Di qui la crisi, la sofferenza. Tutto per nulla, dunque? Io che lavoro sui contenuti, che mi appassiono con i ragazzi dietro ad un personaggio di Verga, o di Pirandello, che mi fermo in silenzio su un verso (o una parola!) di Ungaretti, che mi commuovo di fronte alle grandi domande di Leopardi e che invito i miei ragazzi a fare altrettanto, sbaglio tutto? 

Sono fuori dalla realtà? Dovrei buttare tutto nel cestino e misurarmi con la ricetta di cui sopra? Dovrei insegnare ai ragazzi non tanto a scoprire qualcosa di nuovo e di appassionante per loro, ma allenarli a ripetere una cosa qualsiasi in dieci minuti dieci con scioltezza e proprietà di linguaggio? Dovrei preparali al colloquio di lavoro?

Mi dibattevo in queste domande esistenziali, quando ricevo la gradita visita di un mio ex studente. Dopo cinque anni di liceo linguistico, la laurea in lettere, figlia di una vocazione ed una passione nate sui banchi di scuola e il desiderio di divenire un docente (insomma, uno di quei poveracci da commiserare). Tesi di laurea molto originale, con un confronto tra “La grande bellezza” di Sorrentino e “Il piacere” di D’annunzio. Lode e concessione della dignità di stampa. Non solo: apprezzamento e recensione di Giordano Bruno Guerri (di cui tra l’altro si è conquistato l’amicizia).
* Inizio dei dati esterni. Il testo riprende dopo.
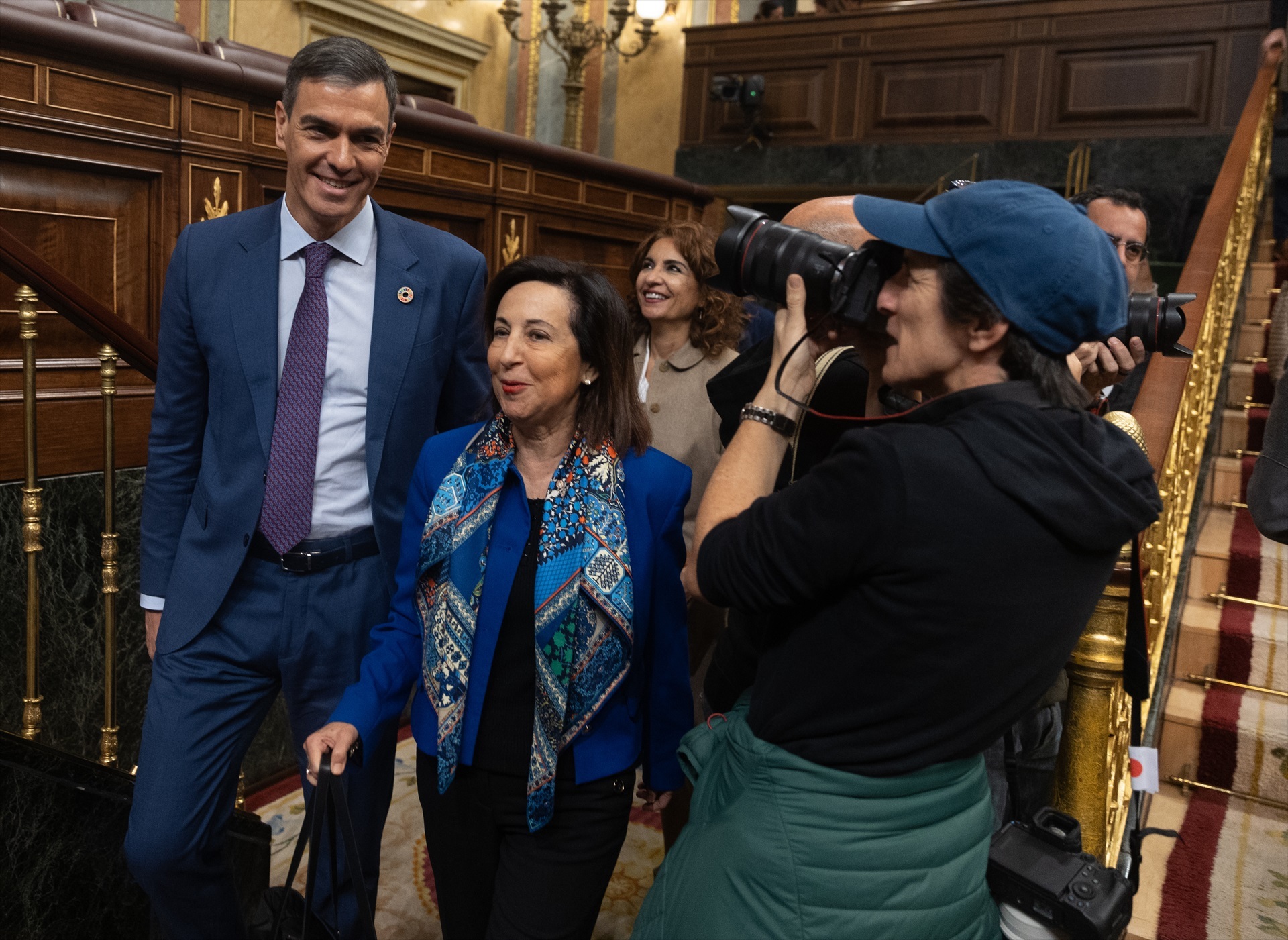 El PP critica que el Gobierno «arriesgue la vida de los militares ...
Ma non finisce qui: da agosto questo neo dottore in lettere ha iniziato uno stage da aspirante giornalista presso un importante quotidiano nazionale, superando una selezione nazionale con prova scritta e famoso colloquio di lavoro. Colloquio al quale si è presentato mettendo in gioco quel “cuore” che ha educato a fatto crescere sui banchi di scuola. Quello che evidentemente conta davvero nei colloqui di lavoro e che interessa molto meno in certe prove d’esame di Stato.

Dalla realtà, dall’esperienza concreta, arriva allora un insegnamento e un incoraggiamento. La realtà mi aiuta a non rassegnarmi ad una particina nel gioco di ruolo autoreferenziale che la scuola corre sempre il rischio di diventare. Dalla realtà una speranza per tutti: si può continuare a studiare non per la scuola, ma per la vita.